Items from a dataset
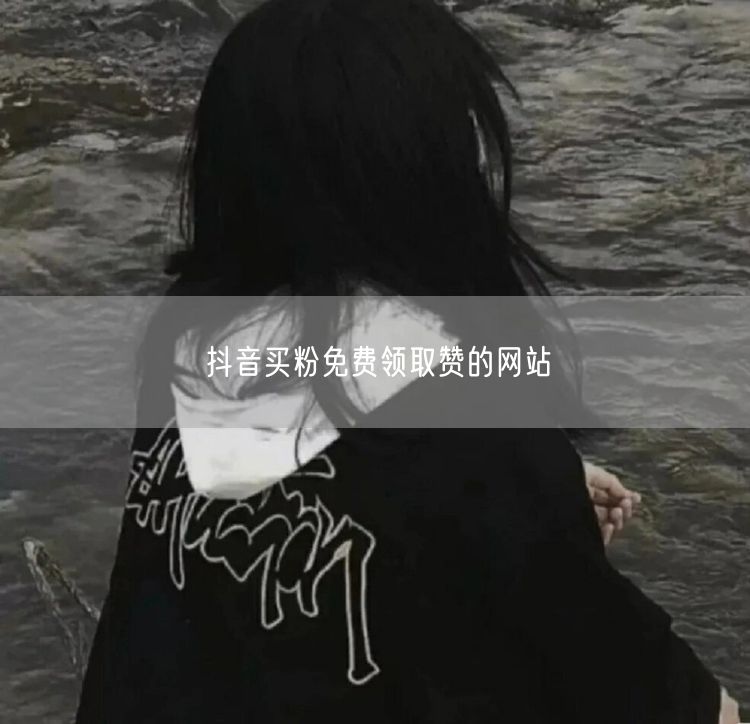 抖音买粉免费领取赞的网站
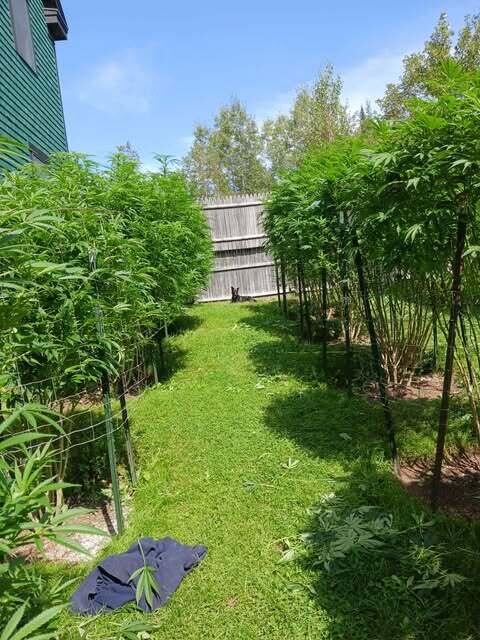 130 Farmers Hill Road Andover ME 04216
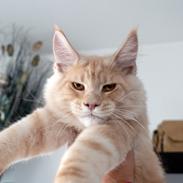 Maine Coon Karma of Mystic Lynx
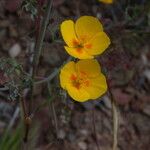 Eschscholzia ramosa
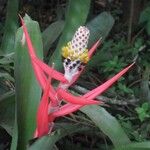 Aechmea lamarchei Blomma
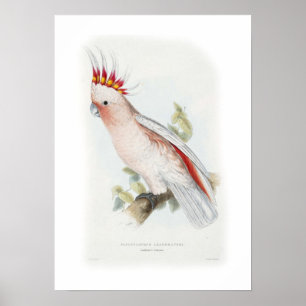 Leadbeater's cockatoo poster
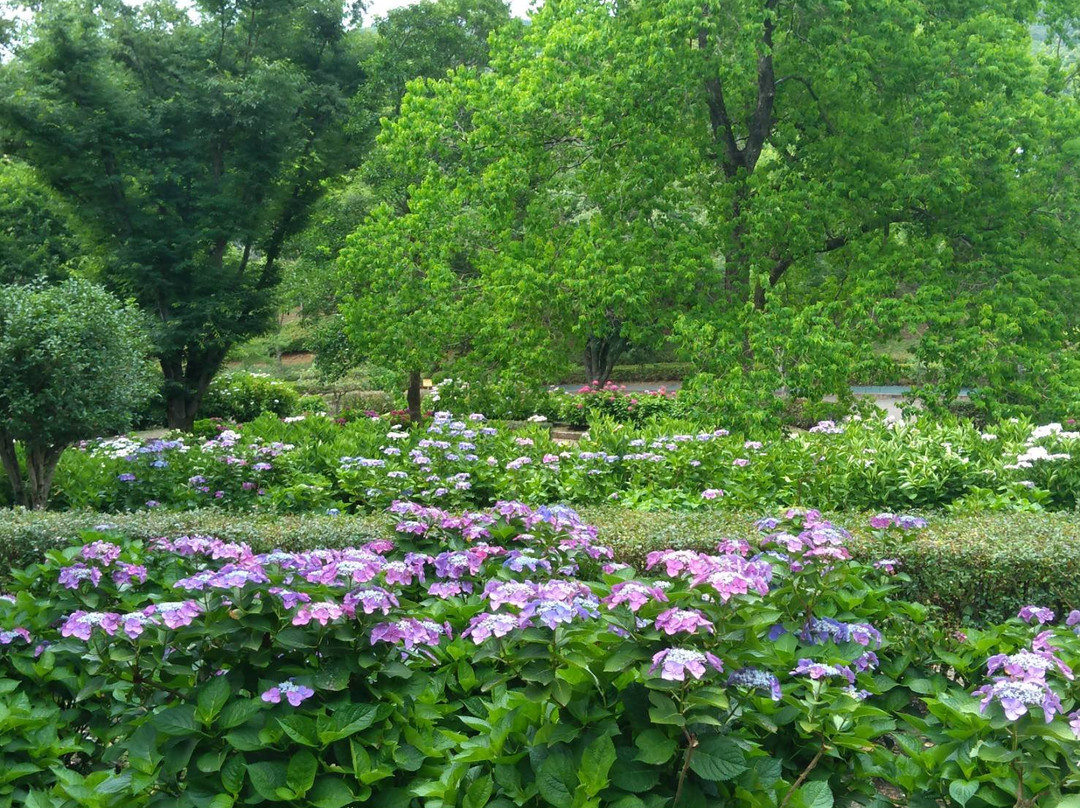 Shimin Shiki no Mori景点图片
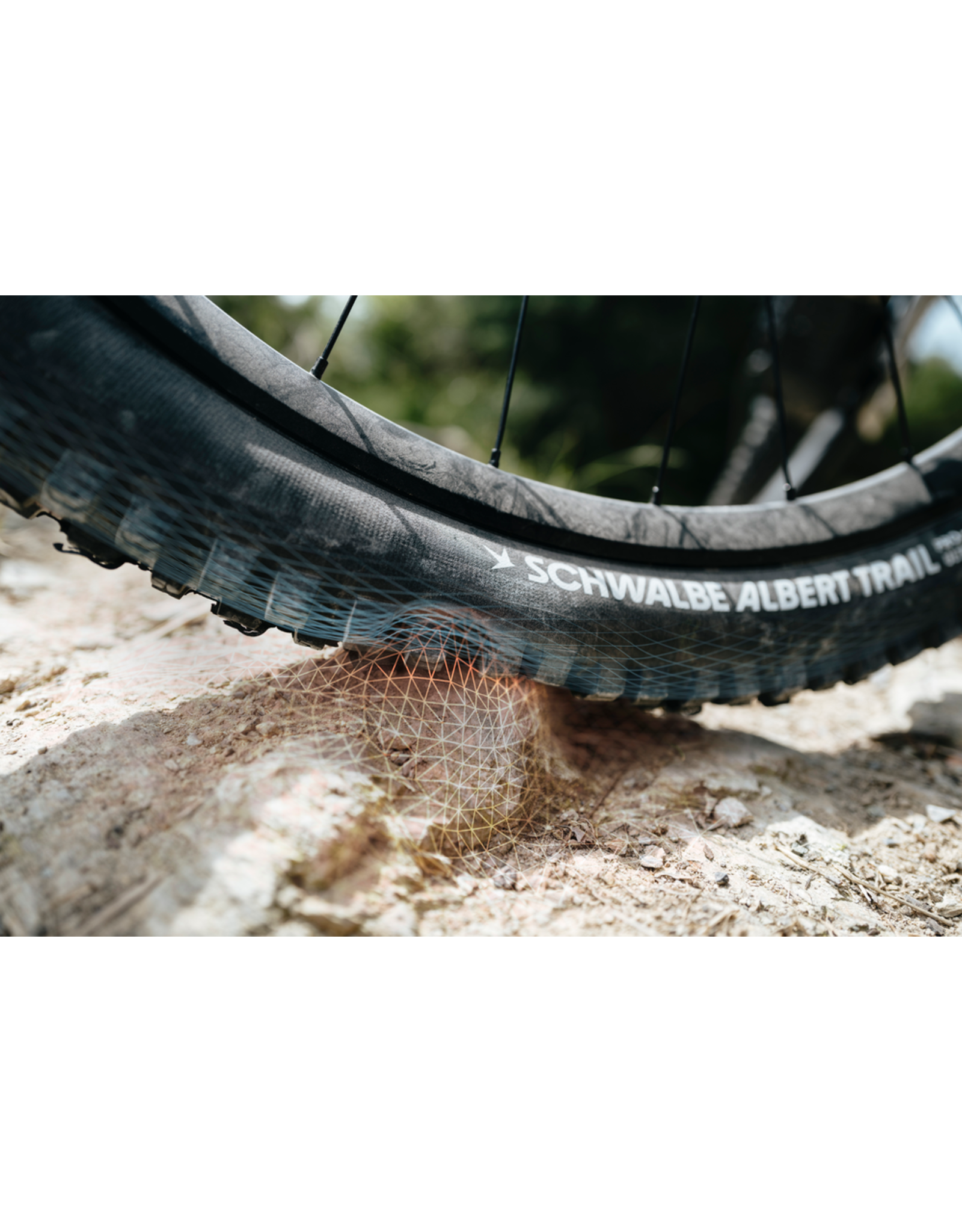 Schwalbe Albert Gravity Pro 29" Schwalbe Tire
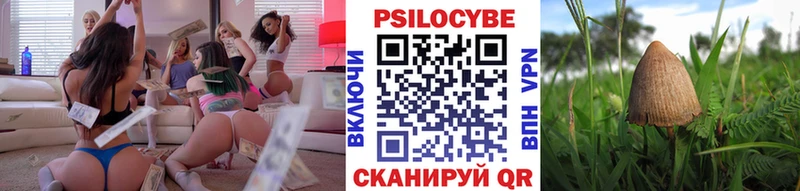 закладки  Пущино  Псилоцибиновые грибы Psilocybine cubensis 
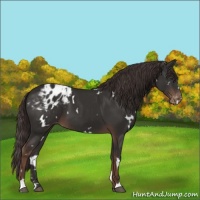 Horse Color:White Spotted Liver Chestnut Sabino Varnish 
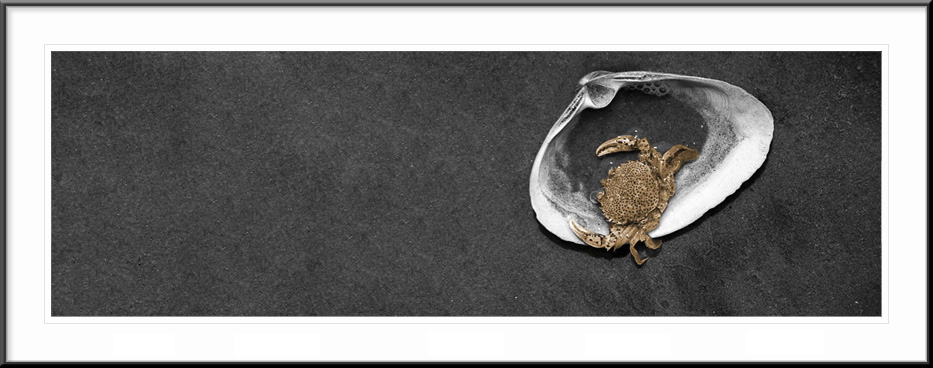 Crab on a Shell on the Beach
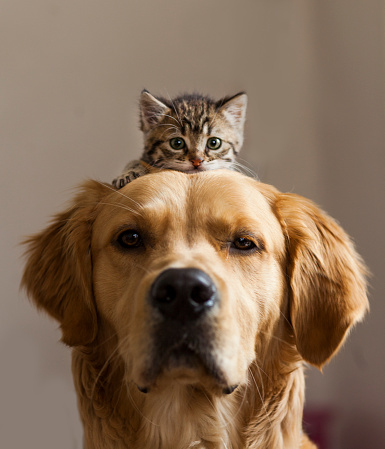 Golden Retriever with kitten on top of its head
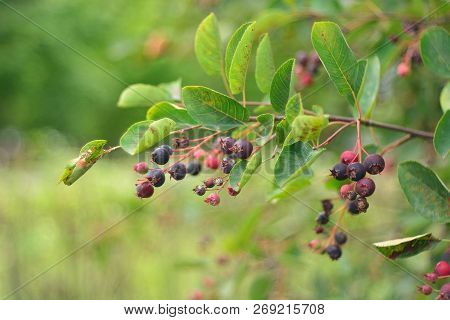Wild Ripe Berries Of Irga, Berry Picking.
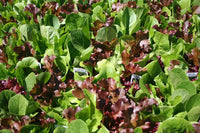 Lettuce 'Bistro Blend' (Pickup Only)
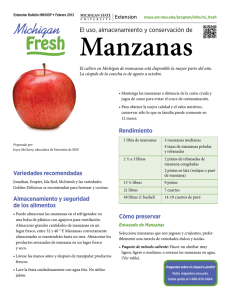 El uso, almacenamiento y conservación de Manzanas
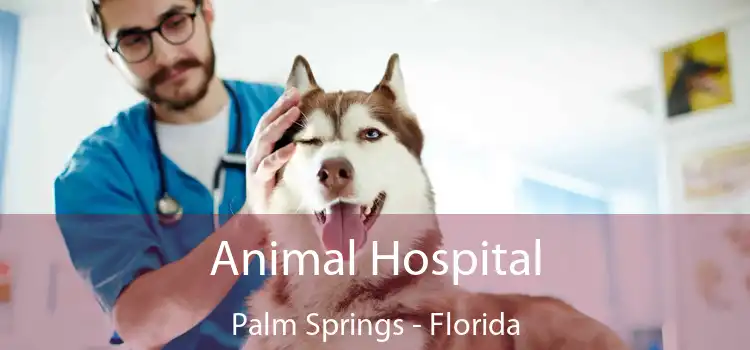 Animal Hospital Palm Springs - Florida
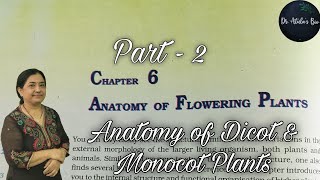 Anatomy of flowering plants  Part 2  Class 11 Biology  NCERT NEET [upl. by Warp]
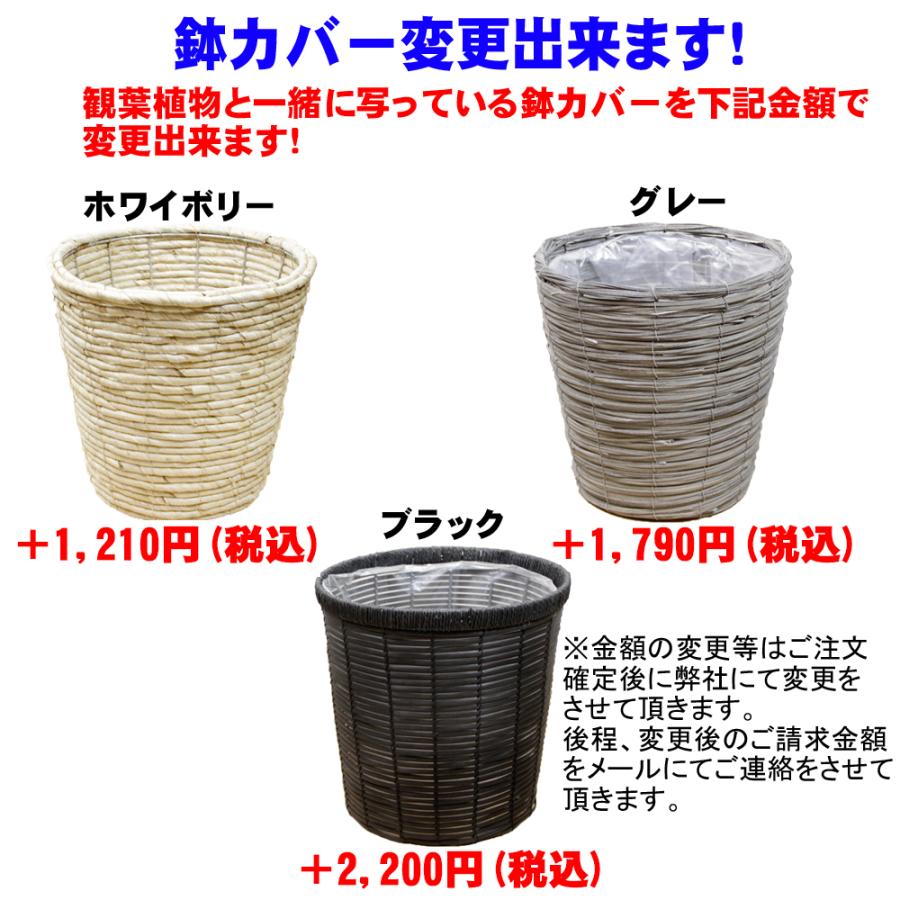 送料無料 観葉植物 モンステラ8号 鉢カバー付 立て札、メッセージ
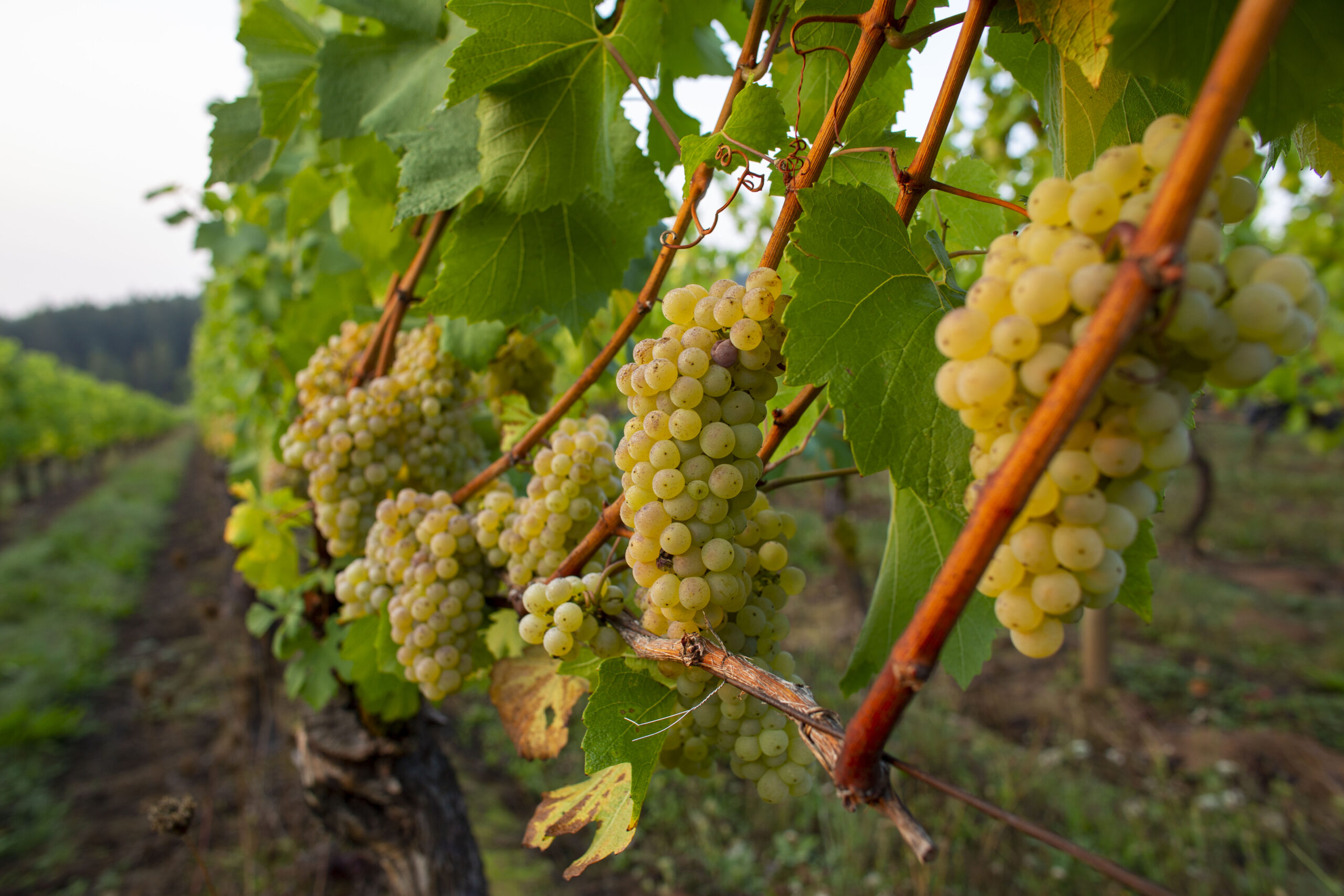 chardonnay grapes on vines
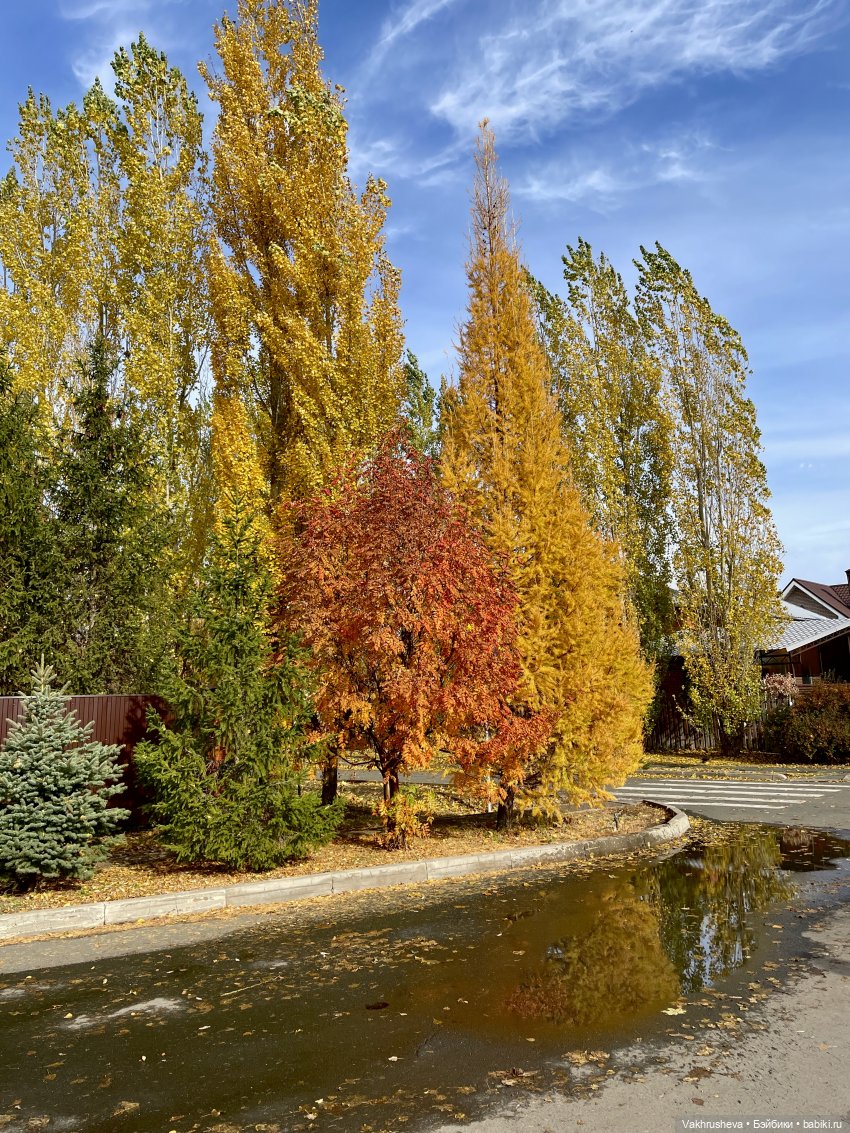 Октябрь на моём столе — Одежда и обувь для кукол своими руками: фото (фото 8)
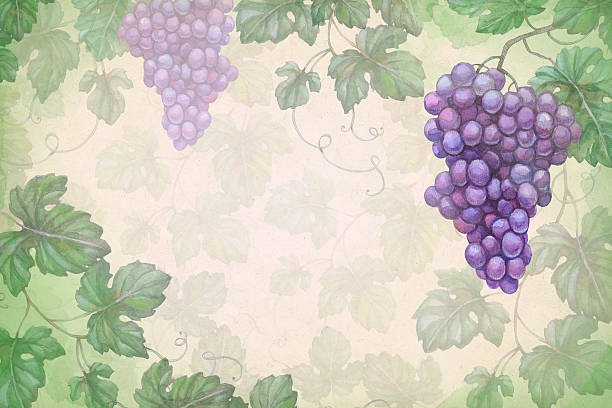 Artistic background with watercolor illustration of grapes vector art illustration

- [TASK] All of the records above are to be printed exactly, with every picture omitted.

- [ANSWER SPACE]
 抖音买粉免费领取赞的网站
 130 Farmers Hill Road Andover ME 04216
 Maine Coon Karma of Mystic Lynx
 Eschscholzia ramosa
 Aechmea lamarchei Blomma
 Leadbeater's cockatoo poster
 Shimin Shiki no Mori景点图片
 Schwalbe Albert Gravity Pro 29" Schwalbe Tire
 закладки  Пущино  Псилоцибиновые грибы Psilocybine cubensis 
 Horse Color:White Spotted Liver Chestnut Sabino Varnish 
 Crab on a Shell on the Beach
 Golden Retriever with kitten on top of its head
Wild Ripe Berries Of Irga, Berry Picking.
 Lettuce 'Bistro Blend' (Pickup Only)
 El uso, almacenamiento y conservación de Manzanas
 Animal Hospital Palm Springs - Florida
 Anatomy of flowering plants  Part 2  Class 11 Biology  NCERT NEET [upl. by Warp]
 送料無料 観葉植物 モンステラ8号 鉢カバー付 立て札、メッセージ
 chardonnay grapes on vines
 Октябрь на моём столе — Одежда и обувь для кукол своими руками: фото (фото 8)
 Artistic background with watercolor illustration of grapes vector art illustration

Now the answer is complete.